Rosie ran her tongue over her teeth and looked again at Jeannie. ‘Nobody else got any?’

Jeannie said nothing. She had a little money, which her mother had given her, but she would use that for necessities and not for warming the toes of someone she didn’t know who had been barely civil to her.

‘Do you live here?’ she asked Rosie. She was conscious that she knew nothing about Harry’s relations, for he had never mentioned them.

Rosie stared at her. ‘No. I live wi’ me Auntie Dot. Didn’t you see her at ’church?’

Jeannie shrugged. ‘I might have done, but I wouldn’t have known who she was.’

‘She’s me daughter, Harry’s da’s sister,’ Nan broke in as she took cups and saucers out of a wall cupboard. ‘She took Rosie in and I took Harry when their ma left ’em an’ jiggered off wi’ a foreigner when Harry was ten.

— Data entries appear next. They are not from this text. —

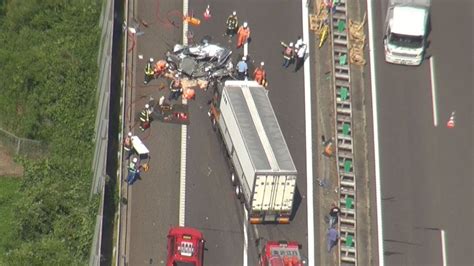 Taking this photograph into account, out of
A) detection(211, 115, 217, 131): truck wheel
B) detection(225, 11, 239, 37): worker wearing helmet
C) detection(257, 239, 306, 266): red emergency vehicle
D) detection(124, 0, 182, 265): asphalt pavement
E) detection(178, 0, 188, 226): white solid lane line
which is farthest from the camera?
detection(225, 11, 239, 37): worker wearing helmet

She took ’two youngest bairns wi’ her.’

‘Oh!’ Jeannie said. ‘I didn’t know.’

‘Did you tell her nowt?’ Nan asked Harry, who had taken the easy chair and lay sprawled in front of the fire.

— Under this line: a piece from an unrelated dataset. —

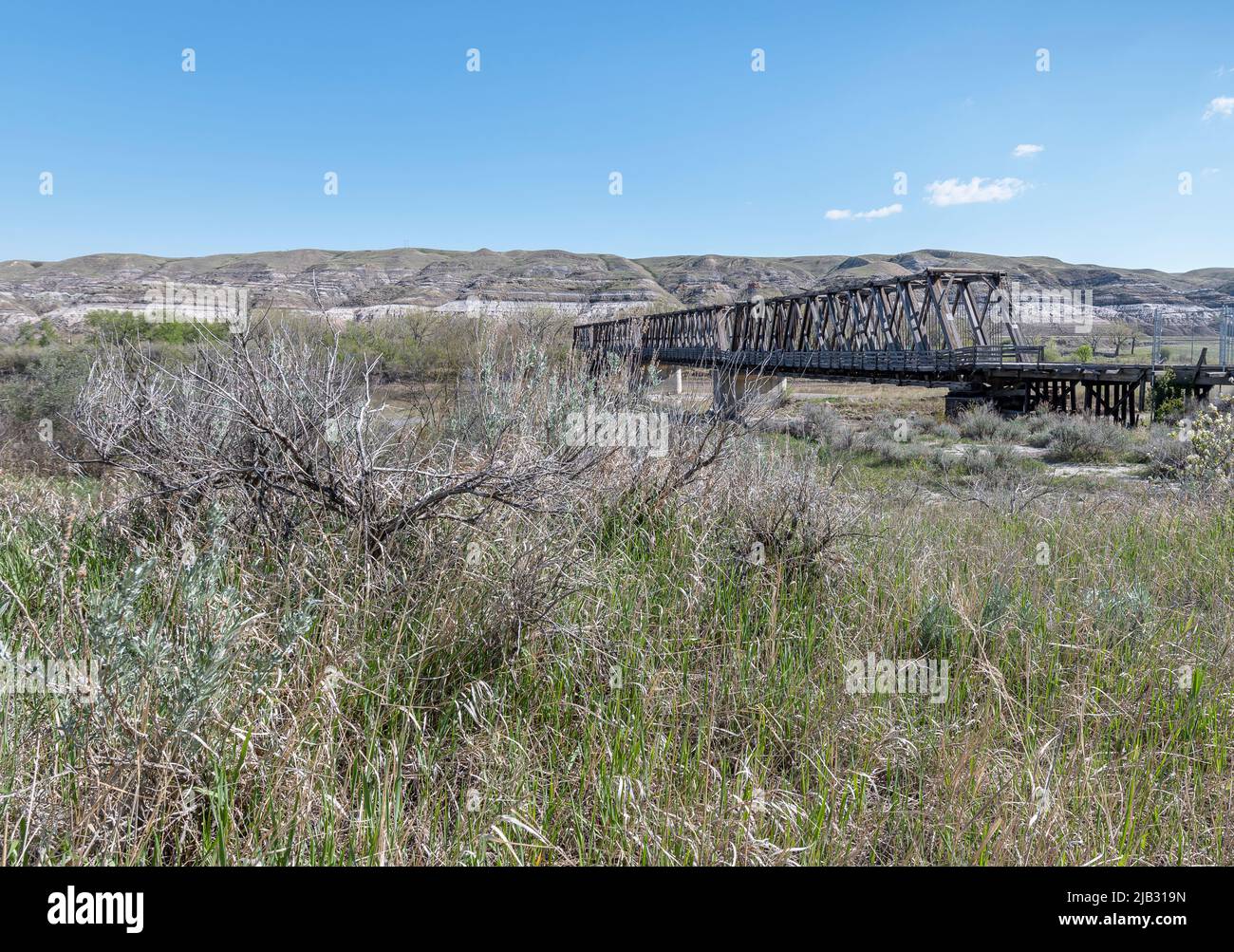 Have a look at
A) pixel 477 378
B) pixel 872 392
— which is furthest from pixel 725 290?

He shook his head. ‘Not much.’ He grinned. ‘There weren’t any time for history. I had a train to catch.’

Jeannie blushed to her hair roots and felt that everyone was looking at her. Billy, who was standing by the window, snorted a laugh which he turned into a cough.

‘Get ’milk jug out of ’scullery,’ Nan said to Rosie. ‘Don’t stand there doing nowt. And there’s some sweet biscuits in ’cupboard. Fetch ’em out – and put ’em on a plate,’ she bellowed after her. ‘Don’t want folk thinking we’ve no manners,’ she muttered, and Jeannie realized that, in spite of everything, Nan Carr was trying to do her best in a situation not of her choosing.

‘Can I do anything?’ she offered. ‘Shall I make the tea?’

‘Aye, you can. ’Kettle’s steaming.’

‘Where do you keep the tea?’ she asked, and picked up a teapot from the side of the range.

‘Don’t use that,’ Nan said. ‘Use ’bigger one that’s in ’scullery. Rosie’ll show you. Tea’s in yon caddy.’ She nodded towards the shelf over the range. ‘Be sparin’ wi’ it.’

The tea leaves were like dust, Jeannie thought. It was the cheapest tea possible, and she surmised that life and money were probably a struggle for the old lady.

‘I don’t want tea,’ Harry said. ‘Fetch us a jug o’ ale, Rosie.’ He crossed his legs, taking up all the space in front of the fire.